Danach errechnet sich hier bis zur letzten mündlichen Verhandlung kein höherer Zahlbetrag, weil die Anpassung eines Betrages von 2.991,52 DM die Grenze von 4.270,27 DM nicht erreicht. Dies lässt sich errechnen, indem man den Betrag von 2.800,- DM durch den Preisindex für die Lebenshaltung für die neuen Länder und Berlin-Ost nach den Erhebungen des statistischen Bundesamtes für Dezember 1991 von 84,1 teilt und den Quotienten mit dem Indexwert für Dezember 2002 von 111,3 wieder vervielfältigt. Dann ergibt sich ein Bruttorentenbetrag von 3.959,05 DM.

Auf den Betrag von 4.270,27 DM kommt es als Vergleichsgrundlage an, weil die Beklagte diesen Betrag mit Bescheid vom 16. Februar 2000 endgültig als weiterzuzahlenden Betrag bestimmt hat. Insoweit kann dahinstehen, ob der im Bescheid vom 14. März 1996 angebrachte Vorbehalt einer Zahlung dieses Betrages "bis zur endgültigen Klärung" wirksam war. Dagegen könnten Bedenken aufkommen, weil nicht deutlich wird, von welchen Umständen genau ein endgültiger Verbleib des Betrages beim Kläger beziehungsweise eine Rückforderung abhängen soll.
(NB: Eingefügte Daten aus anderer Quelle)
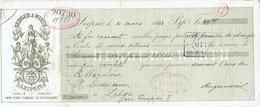 Prima-Wechsel 1903 - LEIPZIG - BERLIN-FLORENZ-LONDON-MOS KAU-ST-PETERBOURG-NEW-YOR K - BERGER & WIRTH - Farben-fabri - Other & Unclassified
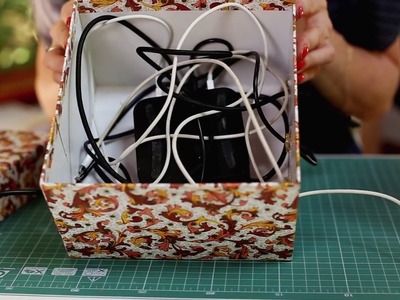 DIY: pudełko na ładowarki | Ula Pedantula #75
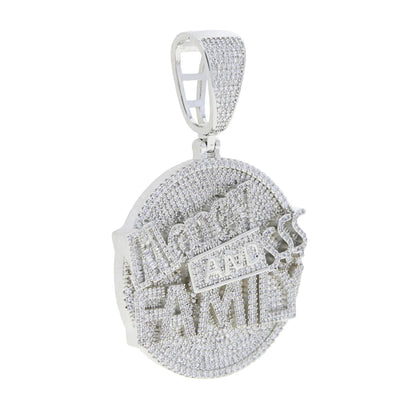 Iced Out Money & Family Pendant Necklace – Hip Hop CZ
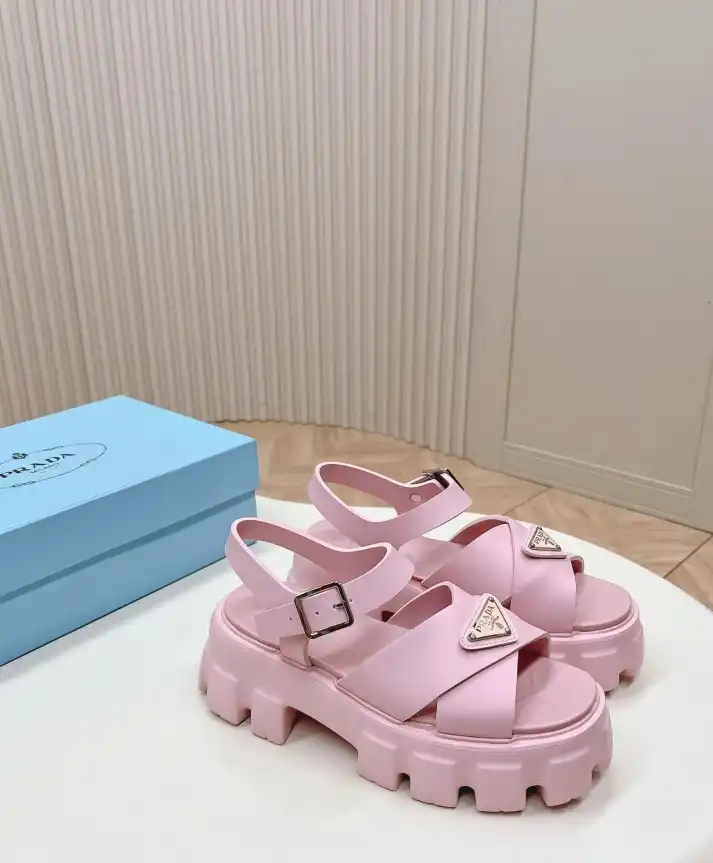 hype Prada Sandals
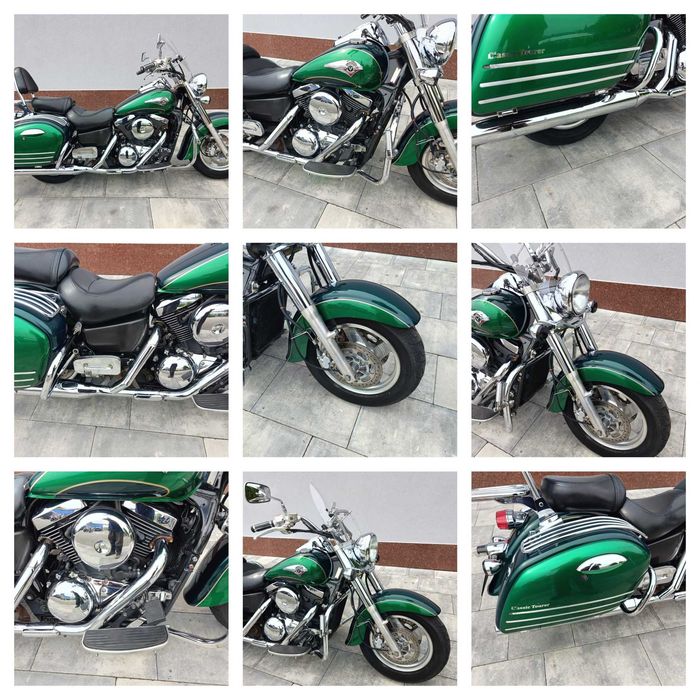 Kawasaki VN 1500 Classic Tourer, 1998 r. SZYBA, transport, raty!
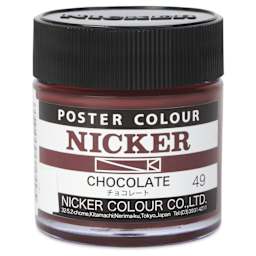 Nicker Poster Colour Paint - Chocolate, 40 ml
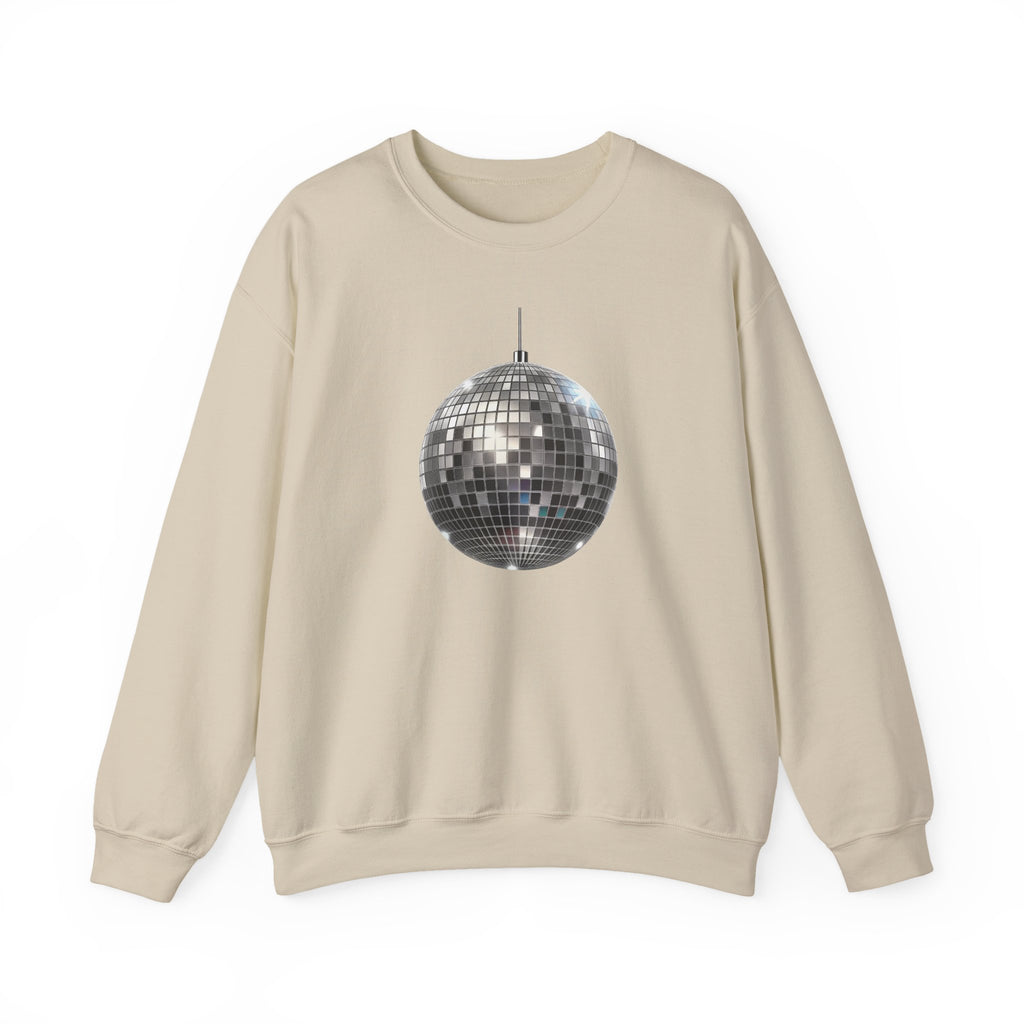 New Year Celebration Disco Mirror Ball Sweatshirt | Retro Dance Party Graphic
Dies kann aber dahinstehen, weil die Beklagte in ihrem Bescheid vom 16. Februar 2000 den gleichen Betrag vorbehaltlos geleistet hat. Der Bescheid enthält eine Neuregelung des Betrages nach § 4 Abs. 4 S. 1 Nr. 1 AAÜG, weil die Beklagte nach der Eingangsbegründung ihres Bescheides ausdrücklich geprüft hat, "ob bisherige Beträge weiterzuzahlen sind." Danach wie auch nach den ergänzenden Begründungen und Hinweisen, in denen die Beklagte zum Ausdruck bringt, Gegenstand des Bescheides sei auch die Aufhebung der vorläufigen Zahlbetragsbegrenzung und dabei unter anderem von Bedeutung, welche Beträge in der Vergangenheit tatsächlich geflossen seien, kann der Bescheidempfänger nur schließen, die neue Bescheidung sei vorbehaltlos und endgültig.

Die Kostenentscheidung folgt aus § 193 SGG.

Gründe für die Zulassung der Revision bestehen gemäß § 160 Abs. 2 Nrn. 1, 2 SGG nicht, weil die aufgeworfenen Rechtsfragen durch die Rechtsprechung des Bundessozialgerichts (Urt. v. 31.7.02 – B 4 RA 2/02 R) geklärt sind.